Sometimes I am driving along, places to get to and things on my mind, when I just have to stop the car and grab the camera. This for instance, was not something I was expecting to encounter:
So very many questions. I don't know where to start.
The crudely lettered sign encouraging you to drive up into the hills for instance.
But what the heck are Beetle Cleaned Skulls? Other than I presume. another of those horrid bands much beloved by one of my London pals who is quite into the club scene....
Actually there is a lot of info on this matter, very little of it dealing with missing person reports.

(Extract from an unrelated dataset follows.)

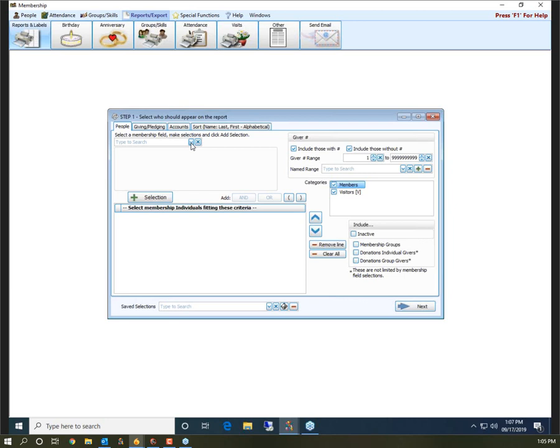You might have other criteria you want to add on Step 1 — for example, only people with a status code of active. Feel free to put in those extra pieces of criteria if you need them, but a lot of times you don't have to put anything in here. Over on the right you may want to uncheck Visitors — sometimes people want visitors to show up on the directory as long as they have Include on Directory checked; sometimes you don't. Also make sure Membership Groups, Donations Individuals, and Donations Group Givers are unchecked — 99.9% of the time you won't need those checked.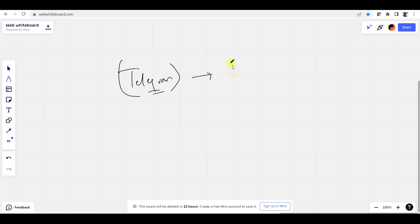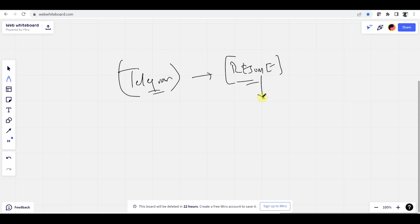We will talk about interview tips — specifically about introducing yourself. Next, we will talk about this from a DevOps point of view.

As it happens there are specialized beetles called Dermestidae that are much prized by taxidermists and natural history museums for their amazing ability to clean up skeletons. They quite literally pick the bones clean and I have to assume that little Dermastidae larvae never have to listen to lectures on finishing everything on their plate because some hypothetical larvae in Africa would for sure like to eat that last bit.
You could - if perhaps you are not already on enough government watch lists - purchase your own little colony of skeleton cleaning Dermestidae on ebay. Some of the various and frankly fascinating taxidermy sites I visited advise caution, intimating that these low grade beetles are often infested with mites and that you are not likely to get too many hard working generations from the run of the mill beetle vendor.
One link I encountered was for lack of a better word, magnificent. The University of Michigan Museum of Zoology has a long treatise on the use of Dermestidae. It is informative, well written, and I think even contains a few elements of subtle humor. I always say it isn't a good day unless you learn something new. HERE, this will take care of a couple of weeks worth of new information....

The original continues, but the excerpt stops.